• **TASK**:
Copy word for word the lines in the records below, starting at the line with "PRICED TO SELL......VINTAGE" and ending at the line with "Guesthouse Casa Das". Skip the pictures.

---------- DATASET ENTRIES ----------

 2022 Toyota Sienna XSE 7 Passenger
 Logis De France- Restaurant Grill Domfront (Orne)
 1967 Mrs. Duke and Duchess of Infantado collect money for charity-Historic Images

----------
---------- DATASET ENTRIES ----------

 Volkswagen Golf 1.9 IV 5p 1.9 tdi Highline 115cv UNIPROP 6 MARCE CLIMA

----------
---------- DATASET ENTRIES ----------

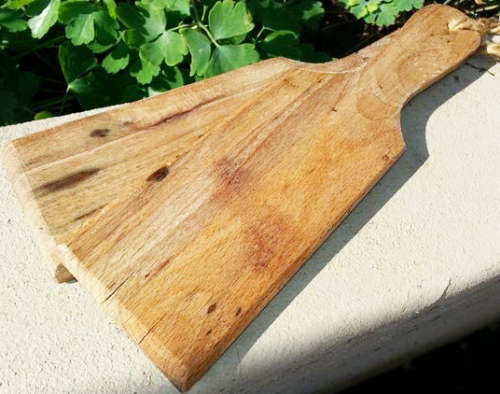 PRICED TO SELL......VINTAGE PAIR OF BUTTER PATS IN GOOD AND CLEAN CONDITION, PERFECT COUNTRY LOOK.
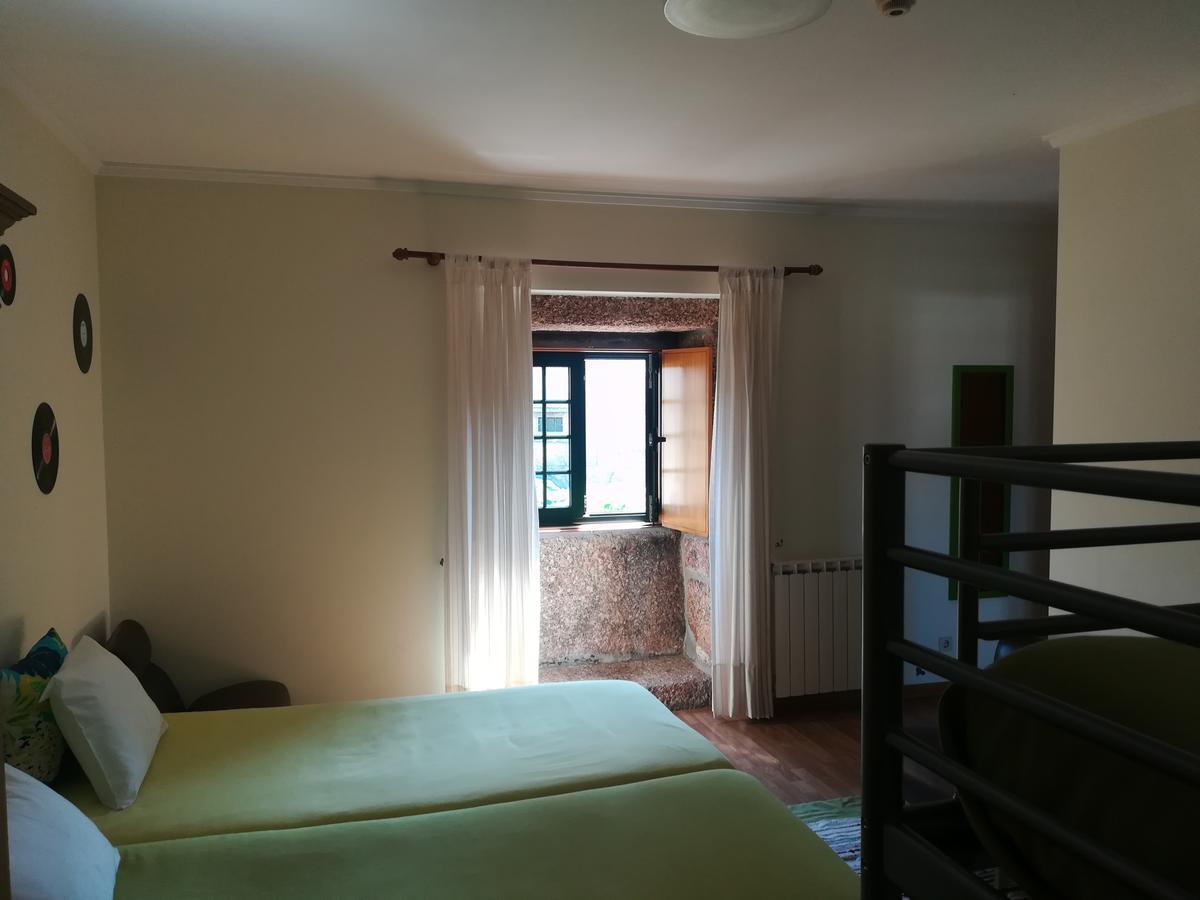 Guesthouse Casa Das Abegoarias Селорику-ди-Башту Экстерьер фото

----------

• **SOLUTION BELOW**:
 PRICED TO SELL......VINTAGE PAIR OF BUTTER PATS IN GOOD AND CLEAN CONDITION, PERFECT COUNTRY LOOK.
 Guesthouse Casa Das Abegoarias Селорику-ди-Башту Экстерьер фото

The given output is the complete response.